[Image-caption web data]
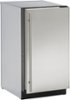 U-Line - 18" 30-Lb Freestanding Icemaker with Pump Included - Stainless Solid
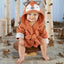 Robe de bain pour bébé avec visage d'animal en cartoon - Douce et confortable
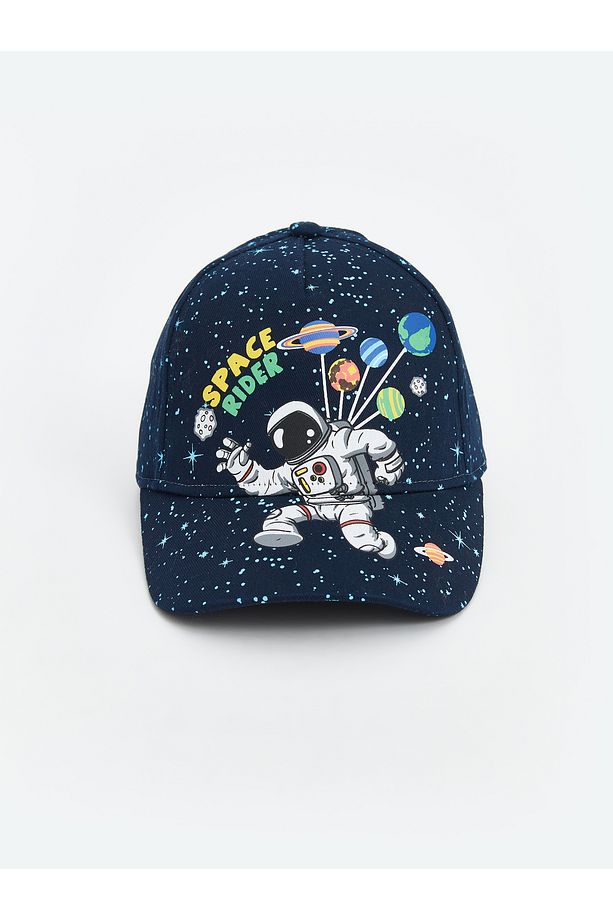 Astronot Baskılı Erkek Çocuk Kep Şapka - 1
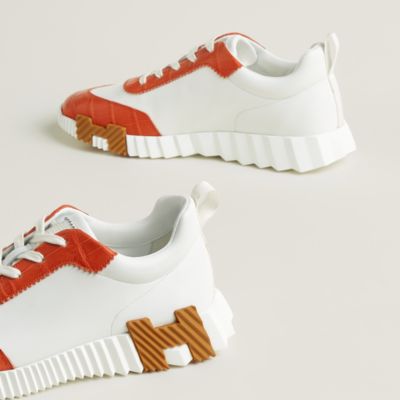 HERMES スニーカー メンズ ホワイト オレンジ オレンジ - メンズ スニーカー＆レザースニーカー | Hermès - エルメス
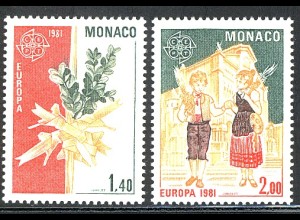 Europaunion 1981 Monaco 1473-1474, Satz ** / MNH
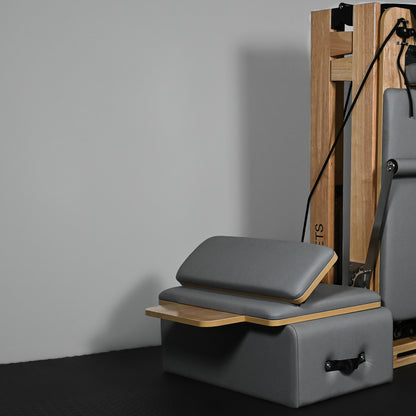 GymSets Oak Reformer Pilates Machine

**Brief:** Leave the pictures out and print every record exactly.

**Solution to this problem:**
 U-Line - 18" 30-Lb Freestanding Icemaker with Pump Included - Stainless Solid
 Robe de bain pour bébé avec visage d'animal en cartoon - Douce et confortable
 Astronot Baskılı Erkek Çocuk Kep Şapka - 1
 HERMES スニーカー メンズ ホワイト オレンジ オレンジ - メンズ スニーカー＆レザースニーカー | Hermès - エルメス
 Europaunion 1981 Monaco 1473-1474, Satz ** / MNH
 GymSets Oak Reformer Pilates Machine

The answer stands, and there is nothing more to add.